PROBLEM DETAILS: Everything in the records below should be printed exactly, except the pictures.
START DATA SUPPLIED
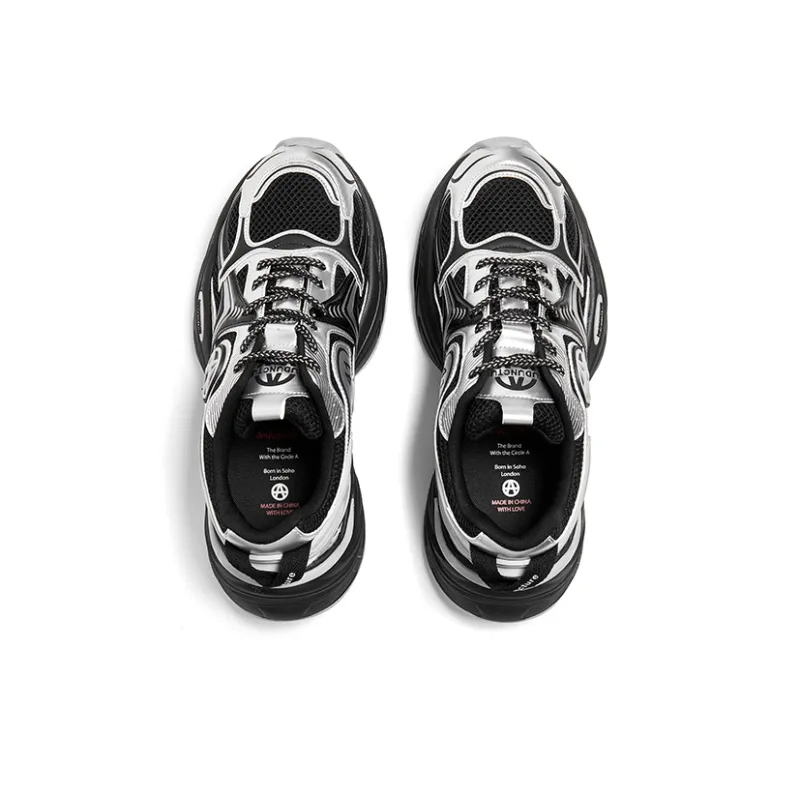 Acupuncture Height Increasing, Abrasion Resistant, Lightweight, And Breathable Low Top Chunky Sneakers Men's-9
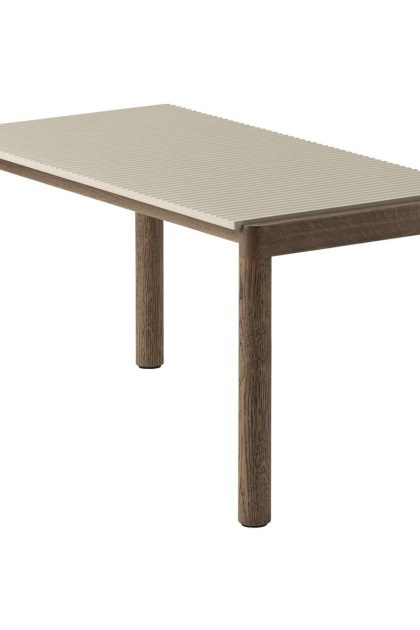 Muuto couple 1 wavy soffbord 40x84x40 cm sand-dark oiled oak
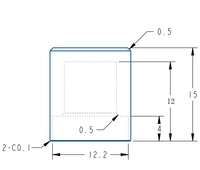 Bouton de commande d'encodeur à commutateur rotatif en aluminium noir mat, compatible avec les arbres en forme de D de 4,5x6 mm, taille 13 mm x 15 mm
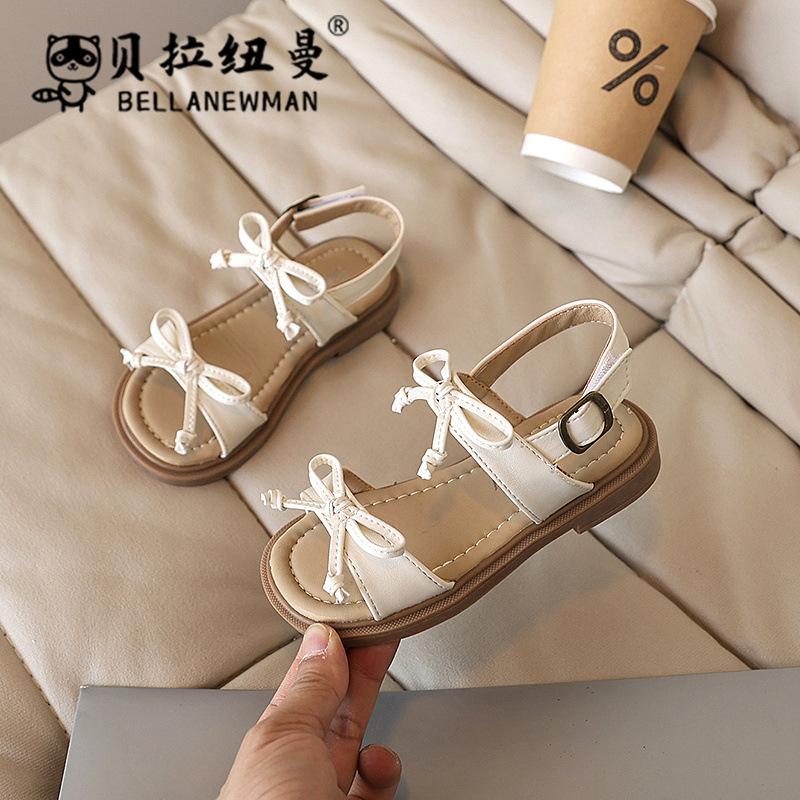 

Choice Best-selling girls bow princess sandals, comfortable summer new children s fashion soft-soled beach shoes 23the Length Within the C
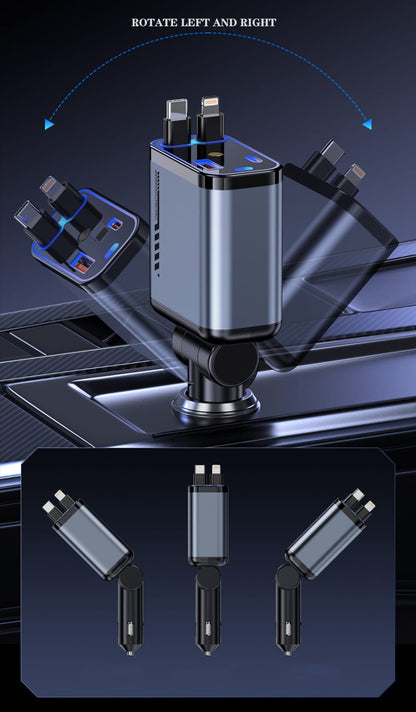 Retractable Car Charger with Starlight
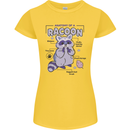 Anatomy of a Racoon Funny Womens Petite Cut T-Shirt Yellow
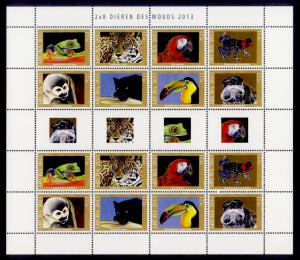 Aruba Sc# 433 MNH Wildlife 2013 (M/S of 16)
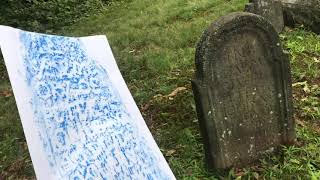 why gravestone RUBBINGS are “controversial”
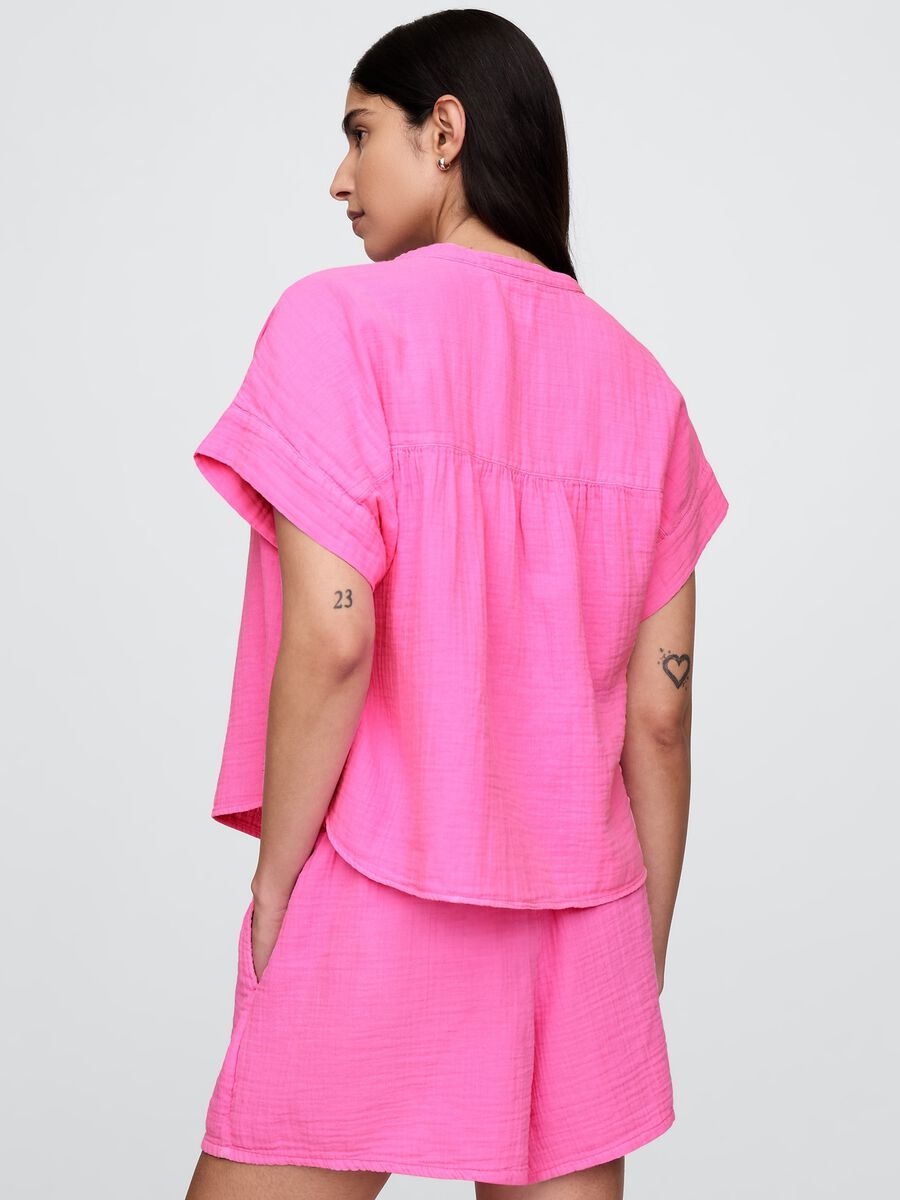 Camicia estiva rosa in cotone leggero_2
END DATA SUPPLIED
RESULT OF THE TASK:
 Acupuncture Height Increasing, Abrasion Resistant, Lightweight, And Breathable Low Top Chunky Sneakers Men's-9
 Muuto couple 1 wavy soffbord 40x84x40 cm sand-dark oiled oak
 Bouton de commande d'encodeur à commutateur rotatif en aluminium noir mat, compatible avec les arbres en forme de D de 4,5x6 mm, taille 13 mm x 15 mm

Choice Best-selling girls bow princess sandals, comfortable summer new children s fashion soft-soled beach shoes 23the Length Within the C
 Retractable Car Charger with Starlight
 Anatomy of a Racoon Funny Womens Petite Cut T-Shirt Yellow
 Aruba Sc# 433 MNH Wildlife 2013 (M/S of 16)
 why gravestone RUBBINGS are “controversial”
 Camicia estiva rosa in cotone leggero_2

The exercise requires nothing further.